Insurance provider and technology company Lemonade (LMND 0.83%) announced after the market close today that it would commence a secondary stock offering. In an S-1 filed with the Securities and Exchange Commission, the company said it would offer 3 million shares of common stock for sale. The underwriters will also have the option to sell an additional 678,647 shares depending on investor demand. 

Lemonade also disclosed that "selling stockholders," which include certain insiders and early investors, would offer an additional 1,524,314 shares for sale. It's important to note that Lemonade will not receive any of the proceeds from this additional sale. The company has not yet disclosed the price of the shares that will be offered for sale. The stock fell about 7% in after-hours trading on the news.

A tall glass of lemonade with lemons sitting around the glass.

Image source: Getty Images.

Lemonade had roughly 56 million shares outstanding as of its last quarterly report in early November, and assuming all shares are sold (including the additional allotment available to the underwriter), this offering will dilute existing shareholders by about 6.5%. 

Before the offering, Lemonade's directors and executive officers owned 36.9% of the outstanding shares. After the offering, the group's ownership will edge downward to 36.5%. It isn't unusual for early investors to recoup some of their initial investment, and that's particularly understandable given the stock's recent performance. In fact, now seems like an ideal time to raise additional capital.

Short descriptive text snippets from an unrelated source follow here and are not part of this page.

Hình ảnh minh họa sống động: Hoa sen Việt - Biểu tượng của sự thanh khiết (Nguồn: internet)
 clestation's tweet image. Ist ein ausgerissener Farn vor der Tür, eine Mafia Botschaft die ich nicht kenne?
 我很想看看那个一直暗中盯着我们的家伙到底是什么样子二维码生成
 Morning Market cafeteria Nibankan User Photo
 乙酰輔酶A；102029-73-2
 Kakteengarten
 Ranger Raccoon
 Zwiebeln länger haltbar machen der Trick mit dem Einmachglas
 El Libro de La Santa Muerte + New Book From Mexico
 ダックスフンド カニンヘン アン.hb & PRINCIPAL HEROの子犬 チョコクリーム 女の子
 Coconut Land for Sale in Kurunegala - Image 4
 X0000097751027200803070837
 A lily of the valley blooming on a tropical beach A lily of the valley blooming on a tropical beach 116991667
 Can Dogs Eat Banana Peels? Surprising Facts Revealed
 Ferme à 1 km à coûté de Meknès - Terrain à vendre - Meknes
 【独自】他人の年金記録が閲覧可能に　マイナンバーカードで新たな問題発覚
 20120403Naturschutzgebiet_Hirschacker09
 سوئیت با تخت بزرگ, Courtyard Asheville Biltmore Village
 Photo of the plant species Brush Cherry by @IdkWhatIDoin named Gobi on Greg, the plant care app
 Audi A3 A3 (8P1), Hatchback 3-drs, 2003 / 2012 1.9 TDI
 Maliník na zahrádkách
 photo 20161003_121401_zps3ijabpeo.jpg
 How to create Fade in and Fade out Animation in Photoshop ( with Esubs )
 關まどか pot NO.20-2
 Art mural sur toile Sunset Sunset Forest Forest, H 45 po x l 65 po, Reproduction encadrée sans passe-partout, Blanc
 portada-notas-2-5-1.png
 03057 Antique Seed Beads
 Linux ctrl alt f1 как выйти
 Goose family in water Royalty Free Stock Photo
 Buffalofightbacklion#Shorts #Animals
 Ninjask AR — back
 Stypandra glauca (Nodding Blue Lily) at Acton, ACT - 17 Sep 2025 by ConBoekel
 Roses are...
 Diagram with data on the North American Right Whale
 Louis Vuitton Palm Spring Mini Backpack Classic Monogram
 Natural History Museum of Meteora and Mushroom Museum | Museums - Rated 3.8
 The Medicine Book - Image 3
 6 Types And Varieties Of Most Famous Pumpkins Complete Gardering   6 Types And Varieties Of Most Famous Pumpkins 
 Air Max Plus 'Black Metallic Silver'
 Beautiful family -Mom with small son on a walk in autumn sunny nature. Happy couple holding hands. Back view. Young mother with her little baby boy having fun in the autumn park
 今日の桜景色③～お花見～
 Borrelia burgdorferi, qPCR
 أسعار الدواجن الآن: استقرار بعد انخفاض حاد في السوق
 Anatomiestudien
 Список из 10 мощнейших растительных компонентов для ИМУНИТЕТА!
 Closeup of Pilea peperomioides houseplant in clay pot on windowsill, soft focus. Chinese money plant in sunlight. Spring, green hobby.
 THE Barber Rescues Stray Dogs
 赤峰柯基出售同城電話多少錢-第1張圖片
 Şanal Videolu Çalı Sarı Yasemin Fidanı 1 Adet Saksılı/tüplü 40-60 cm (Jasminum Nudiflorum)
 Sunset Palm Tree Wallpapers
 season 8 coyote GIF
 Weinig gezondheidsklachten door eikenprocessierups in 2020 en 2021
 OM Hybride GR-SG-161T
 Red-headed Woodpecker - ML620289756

As my Motley Fool colleague Matt Frankel pointed out earlier today, Lemonade shares hit a new all-time high today after closing roughly 14% higher. The stock has been on fire over the past couple of months, gaining more than 250% since bottoming in late October. Strong investor demand drove shares up 139% on its first day of trading back in July 2020. After becoming one of the year's hottest IPO's, the stock took a breather for several months before resuming its upward trajectory.